What is expected: Could you retype every line below exactly, omitting the images?

######

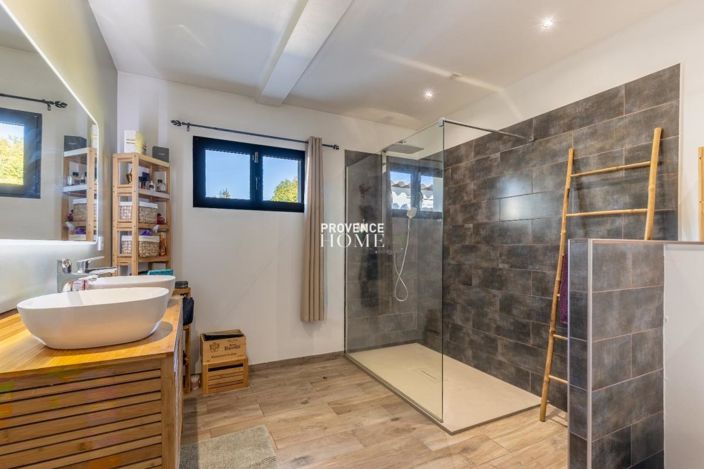 Image No.9-4 Bed House for sale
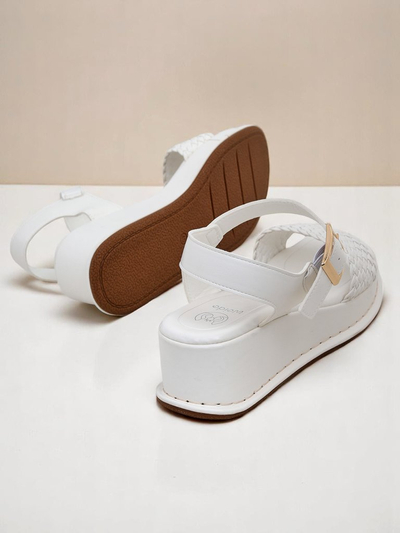 Sandale Royalfashion cu toc pentru femei, cu bareta împletită Fiolle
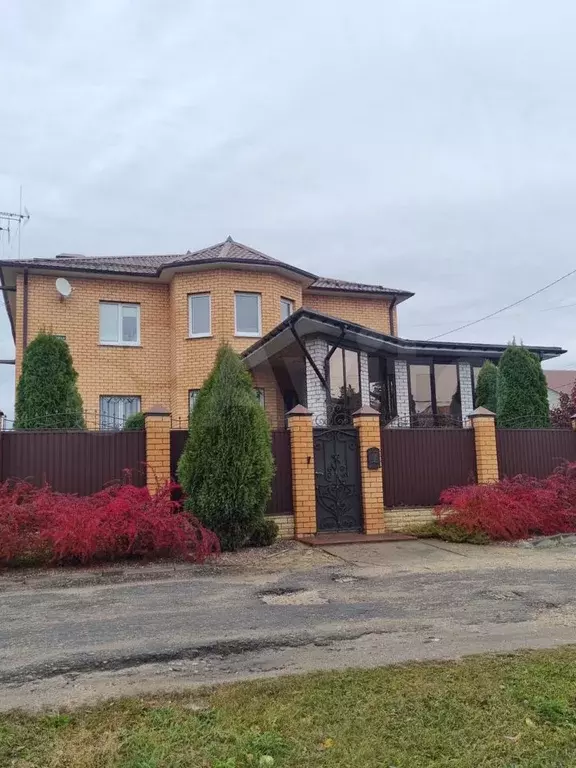 Дом 395,3 м на участке 9,3 сот. - Фото 1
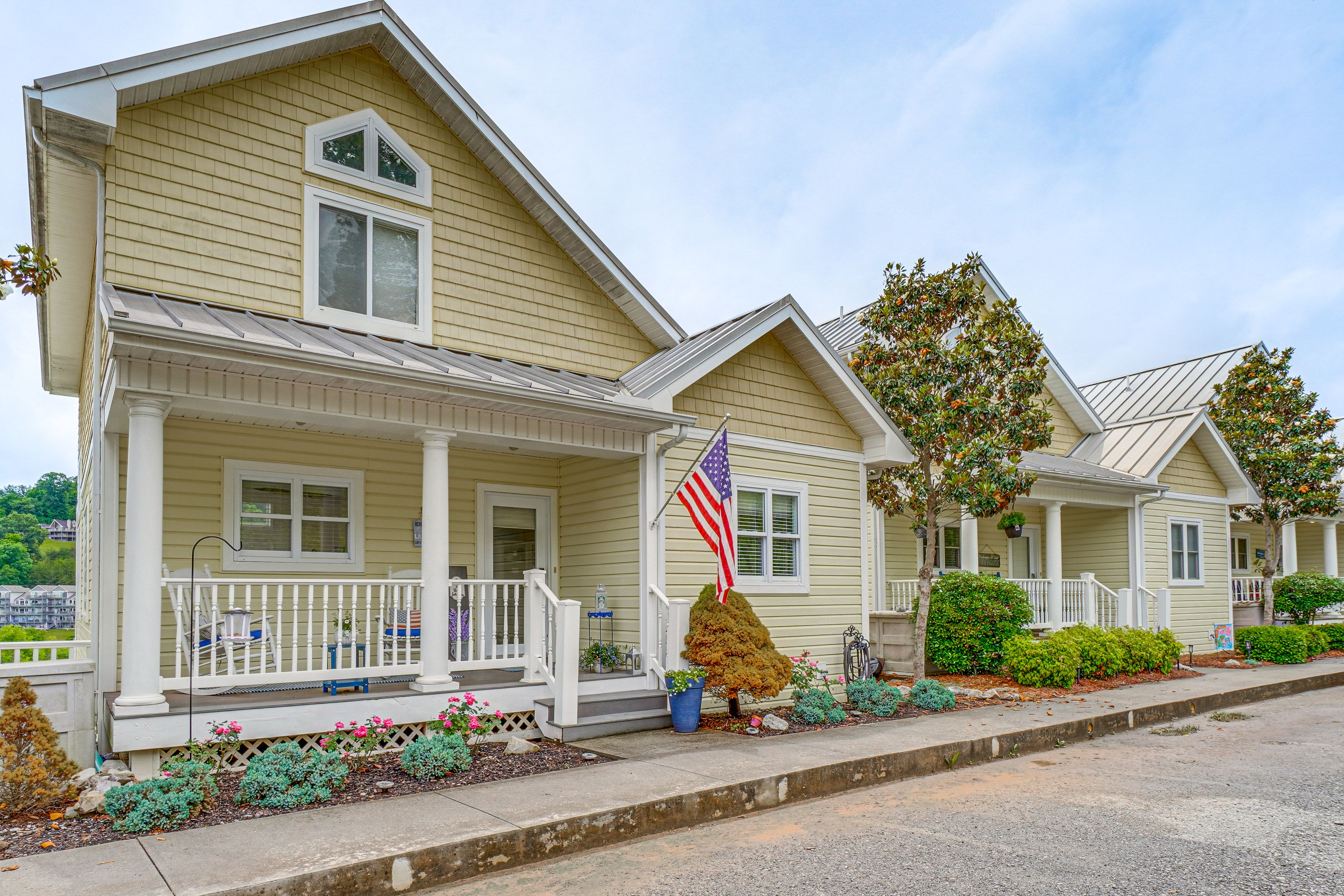 Parking | Front of Home (4 Vehicles) | Boat/Trailer Parking Available Nearby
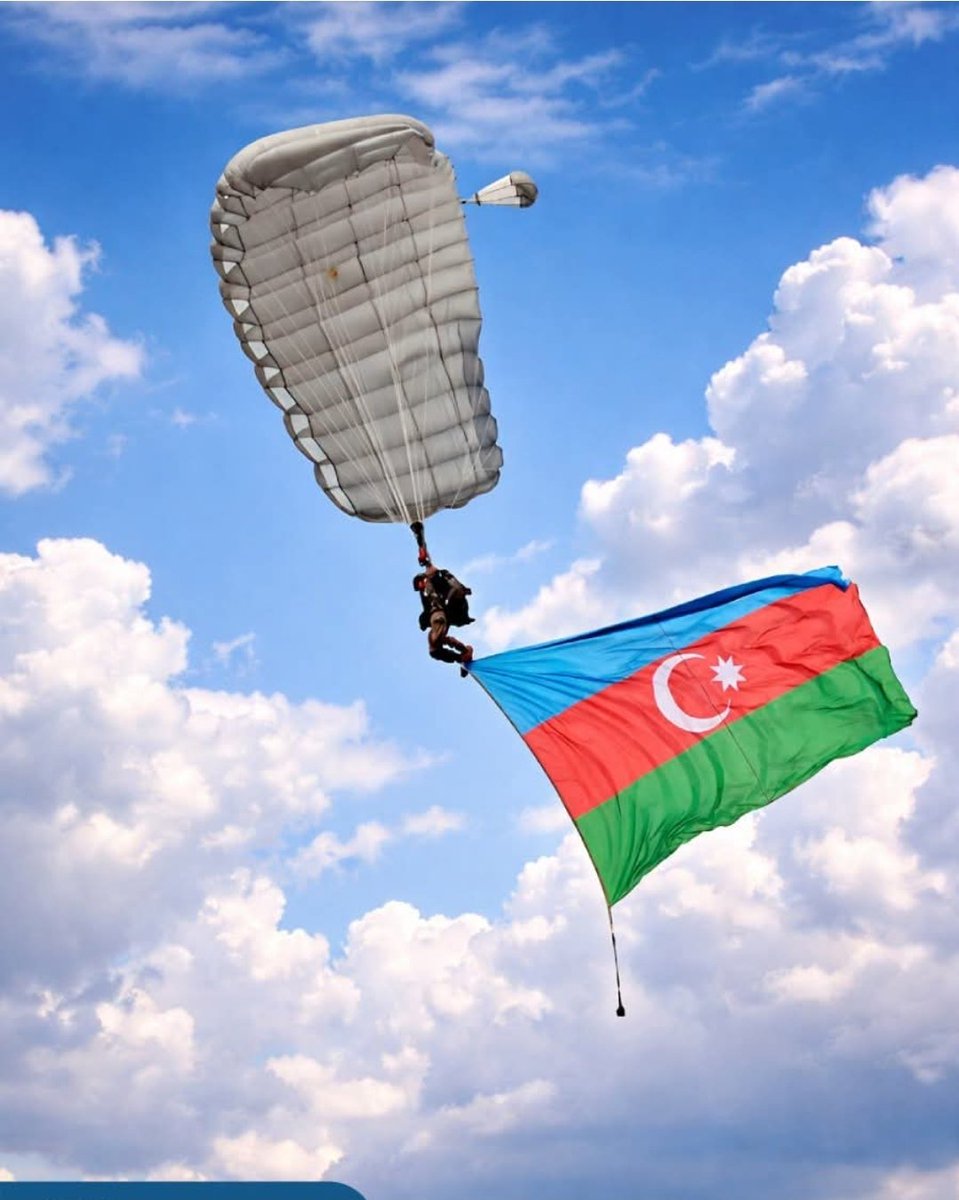 Xeberci's tweet photo. Göylərə ucalan qürur!

#HərŞeyVətənÜçün
#QalibAzərbaycanOrdusu🇦🇿 https://t.co/5JImUdVIN2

######

Response below:
 Image No.9-4 Bed House for sale
 Sandale Royalfashion cu toc pentru femei, cu bareta împletită Fiolle
 Дом 395,3 м на участке 9,3 сот. - Фото 1
 Parking | Front of Home (4 Vehicles) | Boat/Trailer Parking Available Nearby
 Xeberci's tweet photo. Göylərə ucalan qürur!

#HərŞeyVətənÜçün
#QalibAzərbaycanOrdusu🇦🇿 https://t.co/5JImUdVIN2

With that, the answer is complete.